2018 American film by Rob Cohen

The Hurricane Heist is a 2018 American disaster heist action film directed by Rob Cohen, written by Jeff Dixon and Scott Windhauser, and starring Toby Kebbell, Maggie Grace, Ryan Kwanten, Ralph Ineson, Melissa Bolona, James Cutler, and Ben Cross. The film is about a maintenance worker, his meteorologist brother, and a treasury agent contending with a band of rogue treasury agents who plan to use a Category 5 hurricane to cover their tracks of a bank robbery.
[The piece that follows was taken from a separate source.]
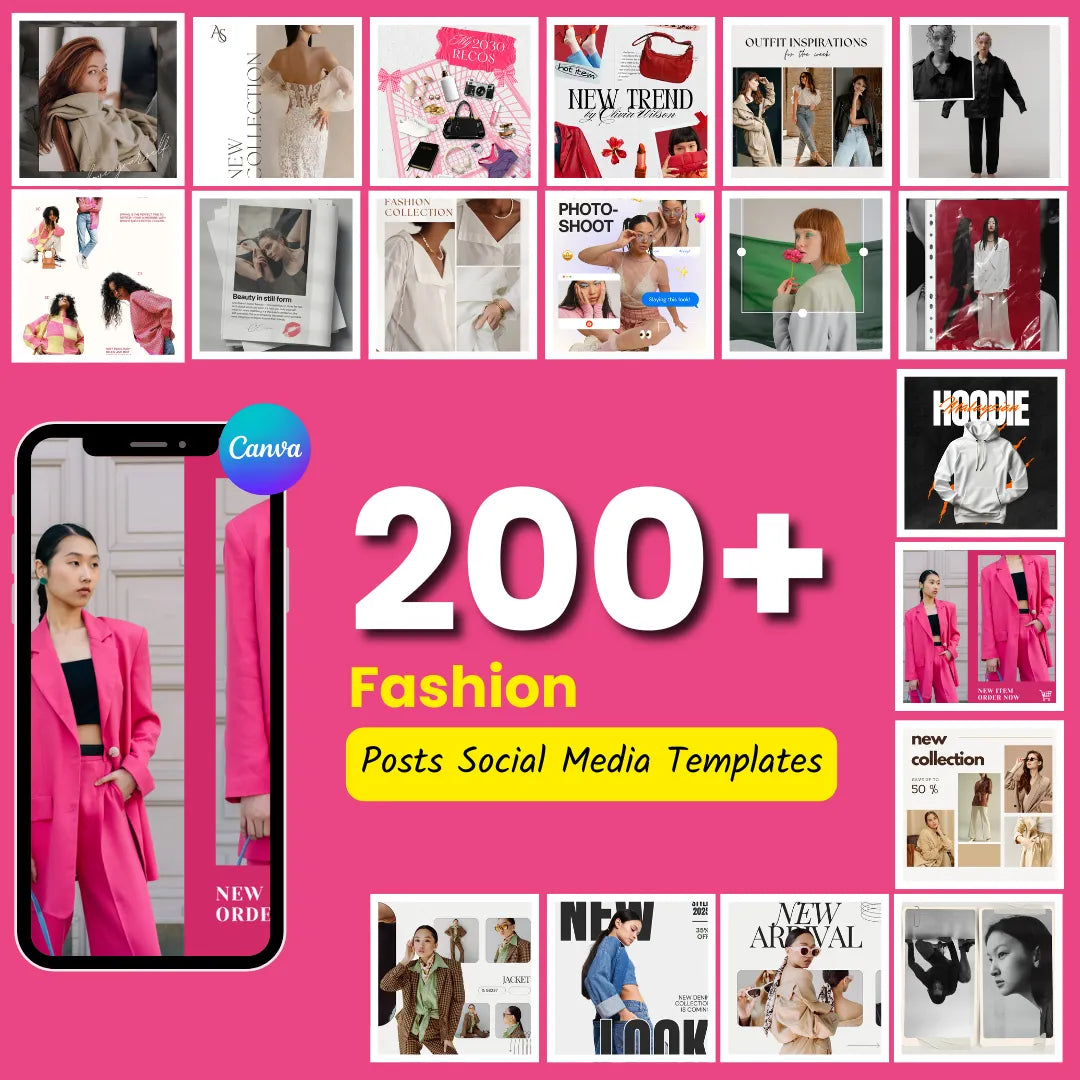 200+ Fashion Social Media Posts (Canva Editable)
The film was released in theaters in the United States on March 9, 2018, by Entertainment Studios Motion Pictures. It received mixed reviews from critics and grossed $32 million against its estimated $35 million budget.

==Plot==
In 1992, a category 5 hurricane named "Andrew" hits the town of Gulfport, Alabama. Will and Breeze Rutledge are evacuating from the destructive hurricane with their dad. However, their truck becomes stuck after avoiding the toppling tree in front of them, and they are forced to take refuge in a nearby house. While trying to save the truck from blowing away, strong winds blow a water tank and it crushes their father.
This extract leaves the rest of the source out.